PERIANAAL ABCES EN FISTEL

 

Algemeen

Ruim 90% van de perianale ontstekingspathologie is van cryptoglandulaire origine, dat wil zeggen een ontstoken crypte in het anale kanaal en/of ontstoken intersfincterische klier. Van belang is om andere oorzaken uit te sluiten o.a. ontstoken huid adnexen en sinus pilonidalis. Ook andere ziektes kunnen perianale fisteling geven waarbij M.Crohn het meest berucht is. Bij een wisselend defecatiepatroon in combinatie met perianale fisteling is verder onderzoek geïndiceerd.

Curatieve behandeling kan dan ook alleen maar bereikt worden indien de oorzaak wordt weggenomen. De klassieke indeling volgens Parks van perianale fistels is niet meer van toepassing. Veel praktischer is om de volgende indeling te hanteren omdat daarmee ook de therapie samenhangt:

Type I

- submucosale en intersfincterische fistel

Type II

- laag transsfinterische fistel (minder dan 1/3 van de sfincter)

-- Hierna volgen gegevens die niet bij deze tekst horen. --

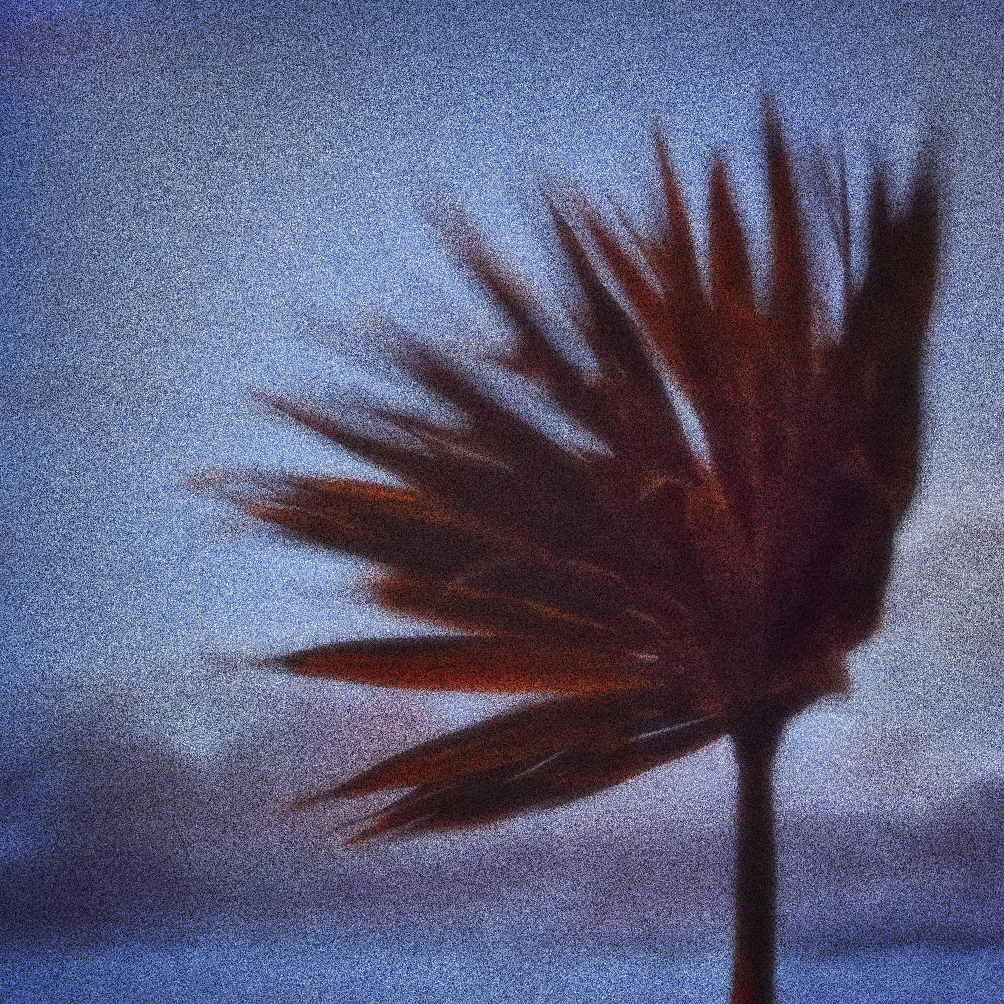 Cyclone in the Wind
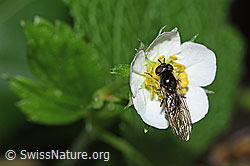 F182851: Graue Breitfussschwebfliege (Platycheirus albimanus) auf Wald-Erdbeere (Fragaria vesca)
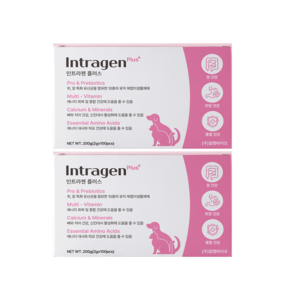 인트라젠 반려동물 플러스 영양제, 200g, 장건강/유산균, 2개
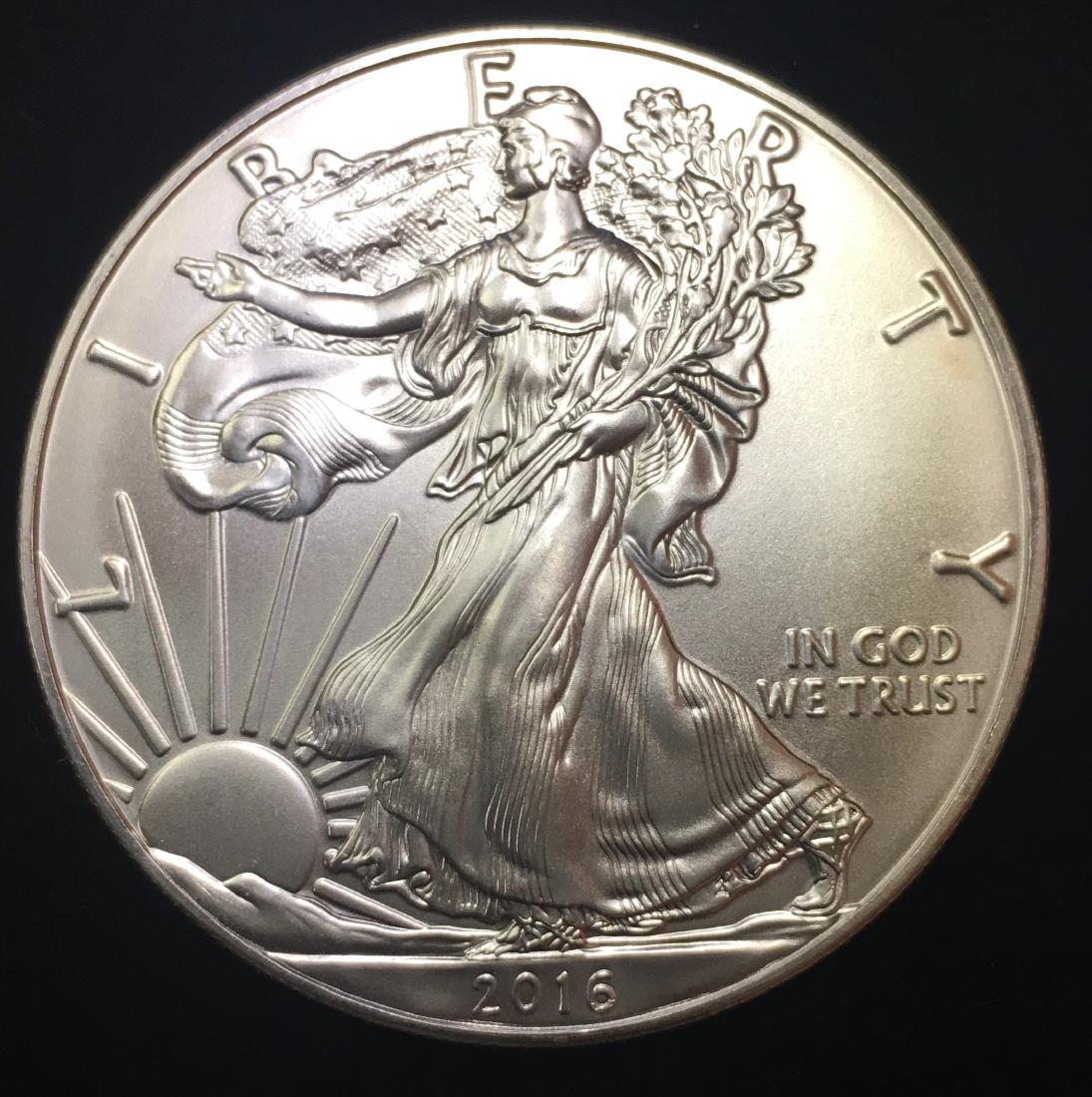 2016 $1 American Silver Eagle 1 oz Fine Silver (1 of 2)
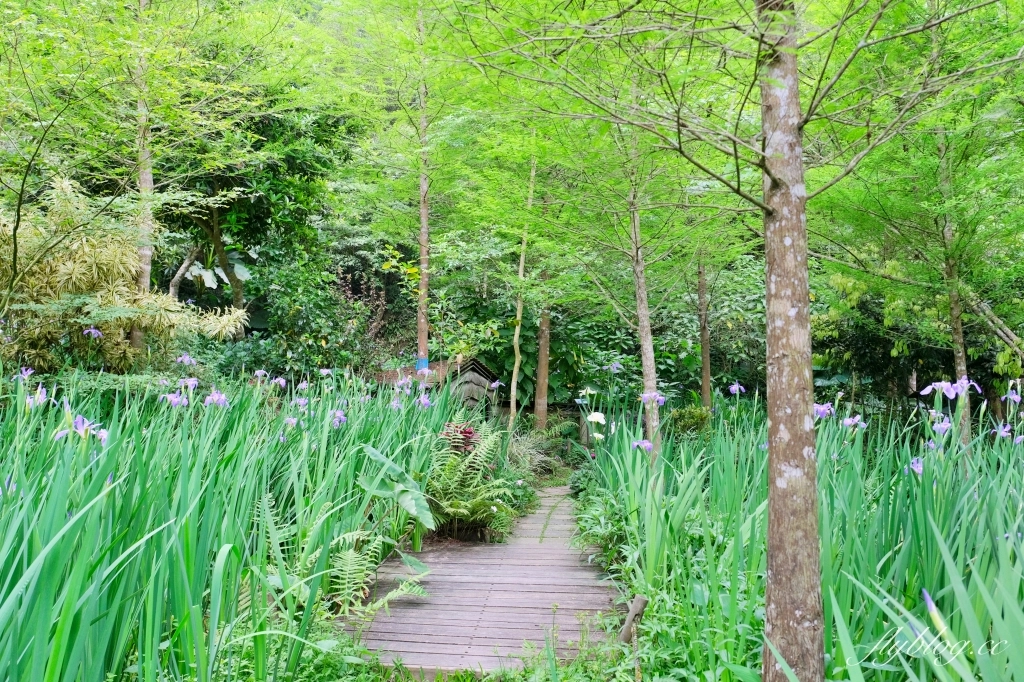 苗栗三義｜卓也小屋渡假園區．鳶尾花季起跑！森林裡的小村落，賞花、美食、藍染 @飛天璇的口袋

- hoog transsfinterische fistel (proximale 2/3 van de sfincter)

 

 

PERIANAAL ABCES

Techniek


< behalve gecompliceerde abcessen (Crohn, diep gelegen) kunnen deze vaak poliklinisch gedraineerd worden

< lokale infiltratie met lidocaine

< ruime ovaal van huid/subcutis zodanig dat geen drains ed. nodig zijn

< digitaal uitruimen van holte

< vaseline gaasje voor 24 uur achterlaten

Nabehandeling

Uitdouchen of zitbaden 2 x daags. Op indicatie Legendal. Ook van de adequaat gedraineerde abcessen houdt ongeveer 50% een perianale fistel over.

 

 

PERIANALE FISTEL

Diagnostiek

Er is geen plaats voor poliklinisch sonderen en proctoscopie van de fistel. Immers op de OK kan de meest optimale inspectie plaats vinden. Voor preoperatief MRI onderzoek is alleen plaats bij gecompliceerde of recidief fistels. Behandeling van perianale fistels kan in het algemeen in dagbehandeling plaats vinden waarbij de patiënt de avond tevoren thuis een klysma inbrengt, eventueel herhaald bij aankomst op de dagbehandeling.

Behandeling

Bij type I is fistulotomie de behandeling van keuze gezien het hoge succes percentage. Hierbij wordt na identificatie van de inwendige opening en sonderen van het fistel traject de fistel over de sonde gekliefd en de achter wand gecuretteerd, de wond wordt verder open gelaten.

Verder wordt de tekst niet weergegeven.